- About this task:
Repeat, exactly as written, all of the entries, but not their pictures.

BEGIN Data for analysis

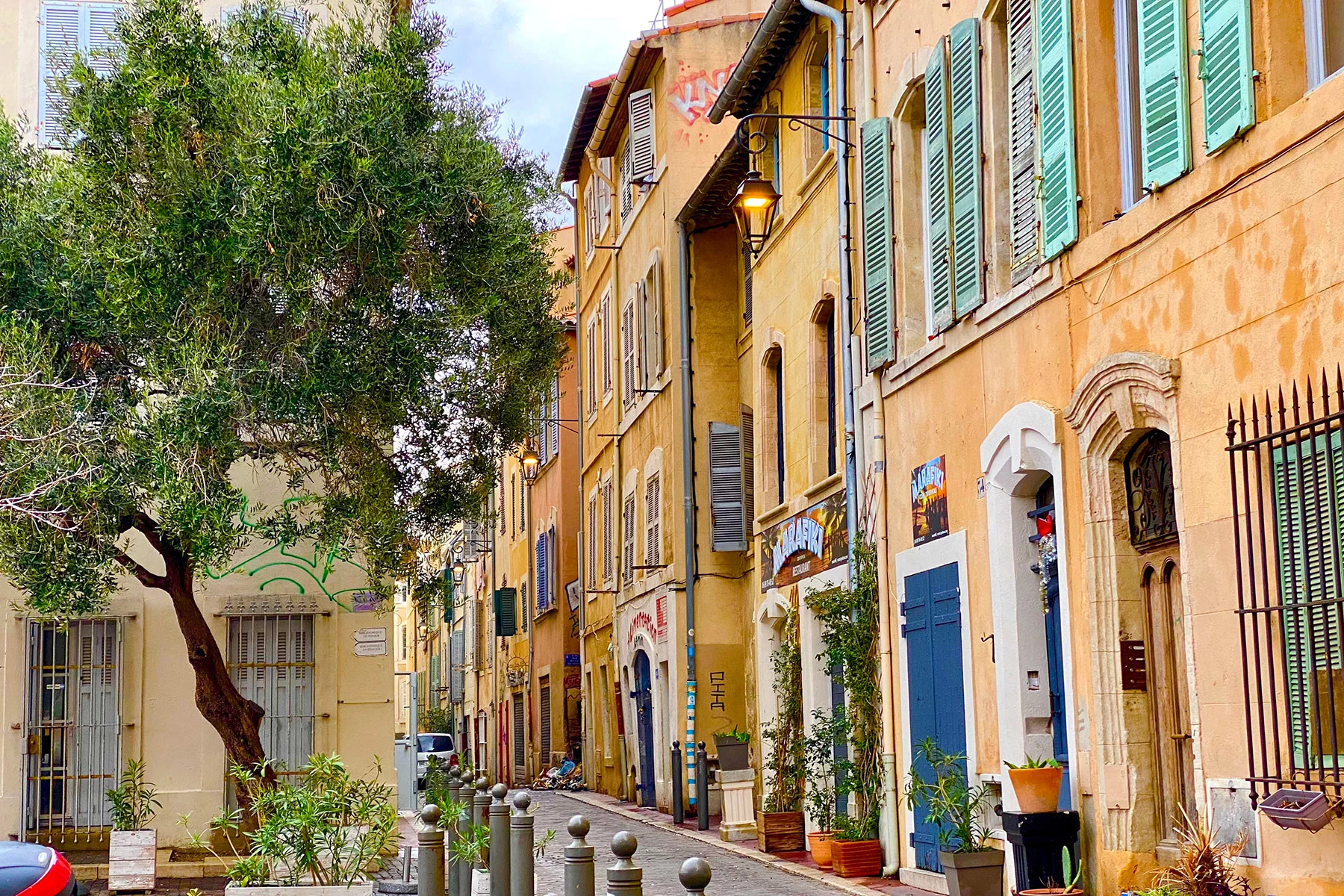 A narrow street in Marseille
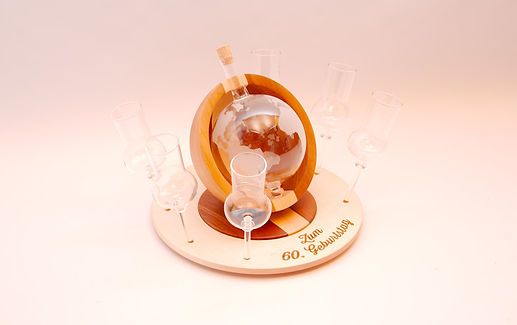 Schnapsweltkugel Nuss mit Ahorndstreifen und Zirbenteller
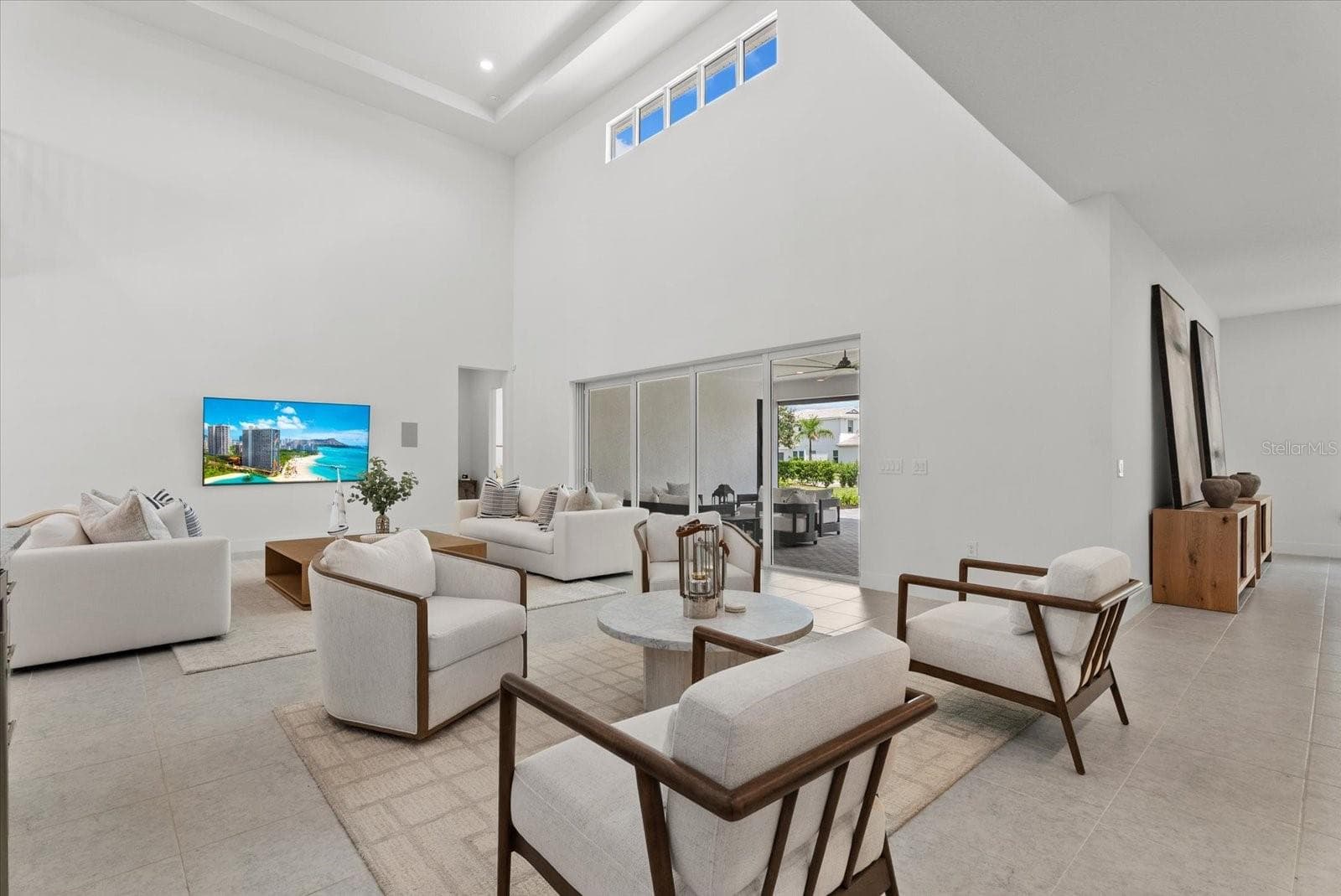 Conversation Room - 8129 NEVIS RUN, LAKEWOOD RANCH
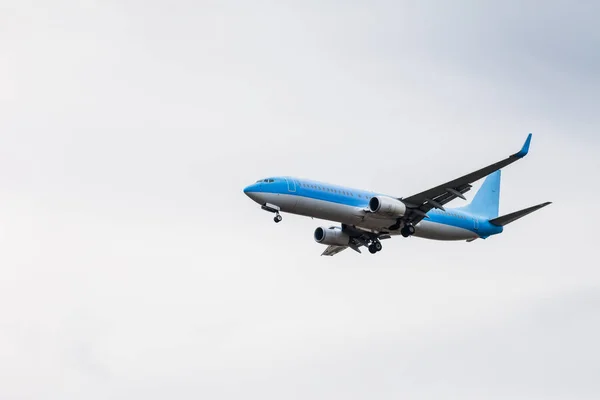 Avião Passageiros Céu Com Espaço Cópia Conceito Viagem — Fotografia de Stock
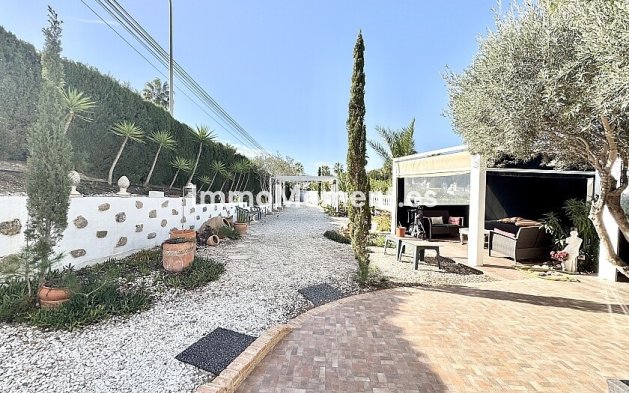 Resale - Detached villa - Orihuela - Villamartín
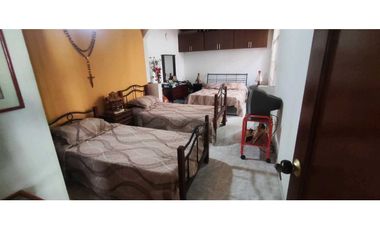 Casa urbana de 437 M2 en 720 mill en #lamesa Cund con zona verde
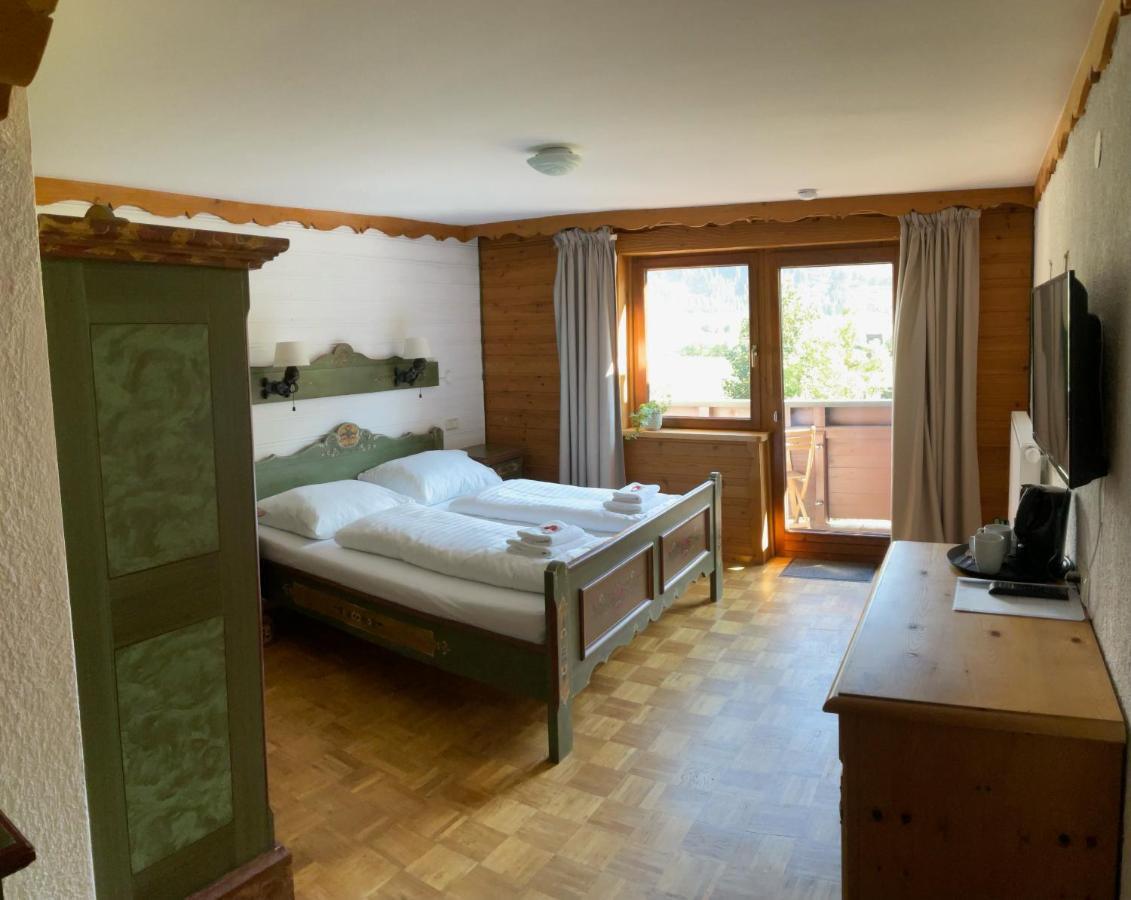 Hotel Wildrose นอยเคียร์เชน อัม โกรสเวเนดิเกอร์ ภายนอก รูปภาพ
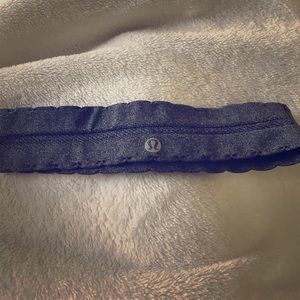 *scalloped Lululemon headband
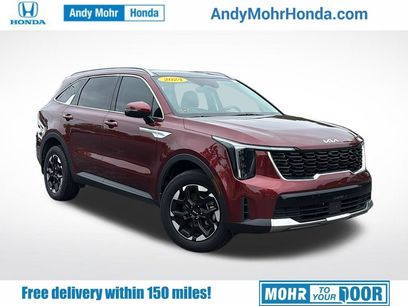 Used 2024 Kia Sorento S w/ Panoramic Sunroof Package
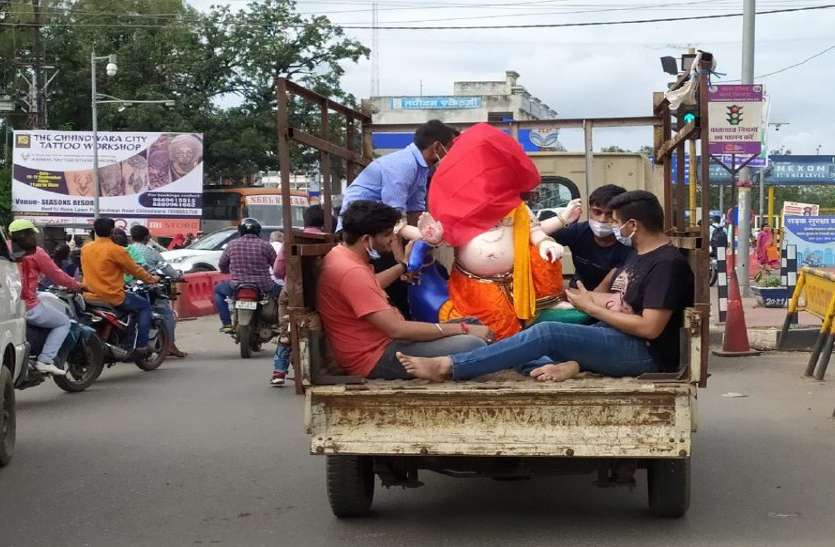 Ganesh Utsav: घरों एवं पंडालों में विराजे गणपति बप्पा, दस दिन रहेगी धूम Ganesh Utsav: घरों एवं पंडालों में विराजे गणपति बप्पा, दस दिन रहेगी धूम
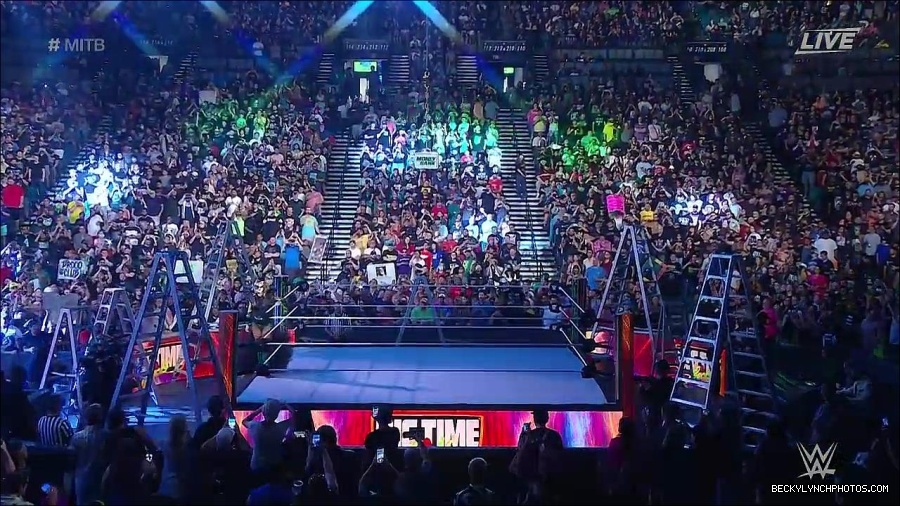 WWE_Money_In_The_Bank_2022_720p_WEB_h264-HEEL_mp4_000346321.jpg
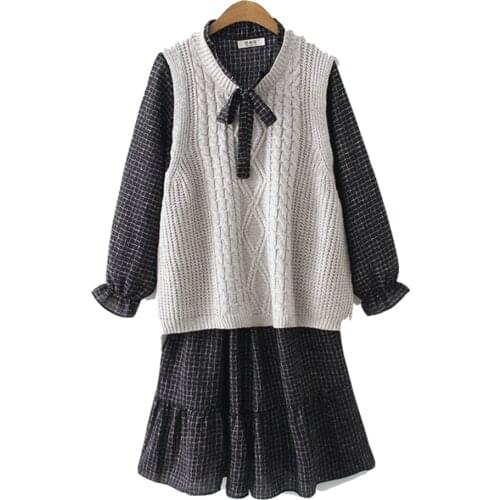 Mori Girl Sweet Womens Sets Lace Up A-Line Plaid Dress And Solid Sleeveless Knitted Tanks For Femme 2021 Winter Two Piece Set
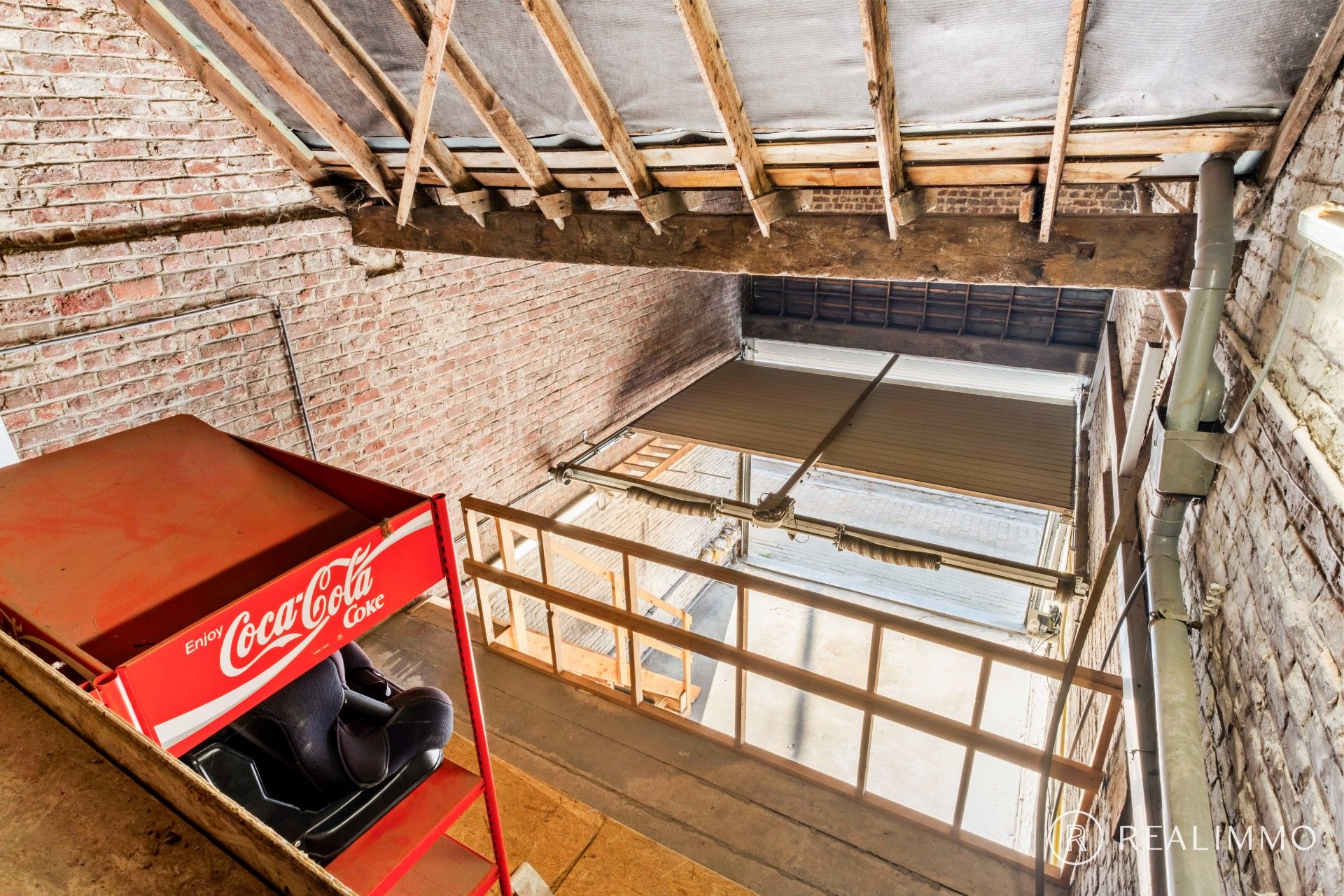 Verrassend ruime woning met 5 slaapkamers en garage foto 16
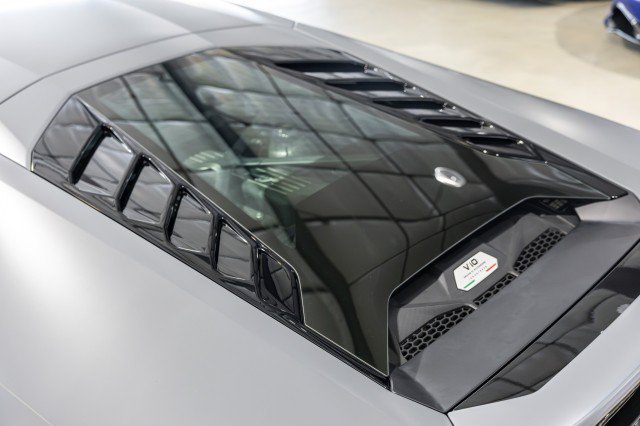 Used 2022 Lamborghini Huracan EVO RWD image 15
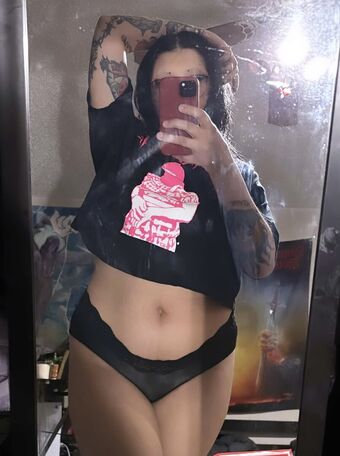 Sarynthia Nakenläckor OnlyFans Foto 23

END Data for analysis

- Answer space:
 A narrow street in Marseille
 Schnapsweltkugel Nuss mit Ahorndstreifen und Zirbenteller
 Conversation Room - 8129 NEVIS RUN, LAKEWOOD RANCH
 Avião Passageiros Céu Com Espaço Cópia Conceito Viagem — Fotografia de Stock
 Resale - Detached villa - Orihuela - Villamartín
 Casa urbana de 437 M2 en 720 mill en #lamesa Cund con zona verde
 Hotel Wildrose นอยเคียร์เชน อัม โกรสเวเนดิเกอร์ ภายนอก รูปภาพ
 *scalloped Lululemon headband
 Used 2024 Kia Sorento S w/ Panoramic Sunroof Package
 Ganesh Utsav: घरों एवं पंडालों में विराजे गणपति बप्पा, दस दिन रहेगी धूम Ganesh Utsav: घरों एवं पंडालों में विराजे गणपति बप्पा, दस दिन रहेगी धूम
 WWE_Money_In_The_Bank_2022_720p_WEB_h264-HEEL_mp4_000346321.jpg
 Mori Girl Sweet Womens Sets Lace Up A-Line Plaid Dress And Solid Sleeveless Knitted Tanks For Femme 2021 Winter Two Piece Set
 Verrassend ruime woning met 5 slaapkamers en garage foto 16
 Used 2022 Lamborghini Huracan EVO RWD image 15
 Sarynthia Nakenläckor OnlyFans Foto 23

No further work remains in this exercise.